Despite the better-than-expected GDP numbers announced by Bank Negara, analysts are keeping their y-o-y growth targets of between 3.8% and 4% for this year and 4% and 4.8% in 2024.
“We maintain our 2023 GDP forecast at 3.8% y-o-y.
“Nevertheless, we see a pickup in GDP growth in 2024 to 4.8% y-o-y, following a broad-based recovery in the domestic economy and improvement in global trade,” said Hong Leong Investment Bank (HLIB) Research in a report.
Meanwhile, CGS-CIMB Research said the execution of catalyst projects in accordance with national master plans and the ongoing advancement of multi-year infrastructure projects will encourage investment activity.
This will be aided by Budget 2024 measures that should bring additional stimulus to economic activity.
“We believe that the country’s economic growth in 4Q23 and 2024 will depend on the strength of demand from the advanced economies, contingent on the risk of high interest rates and escalation of geopolitical conflicts.

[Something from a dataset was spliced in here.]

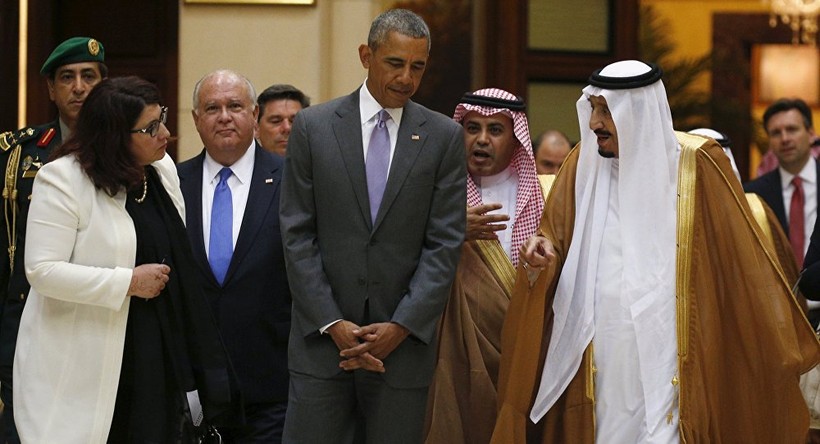 Ảrập Saudi lạnh nhạt đón tiếp Obama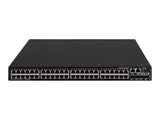 HPE FlexNetwork 5520 HI 48G 10/100/1000 BASE-T 4 10G/1G BASE-X SFP+ 1 exp 2 fan trays 2 PS Slot Switch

“We anticipate Malaysia’s exports to progressively increase in 2024 amid better international trade conditions and increased demand for its electrical and electronic products,” it added.
The research house also anticipated tourism arrivals to increase in the upcoming quarters as more flights will be available to accommodate higher international-travel demand.
“Further, we believe employment and income growth would continue to be robust in 2024 amid the ongoing development of economic activity supported by government policy measures,” CGS-CIMB Research said.
Overall, it maintained its GDP growth forecasts at 4% for 2023 and 4.6% for 2024.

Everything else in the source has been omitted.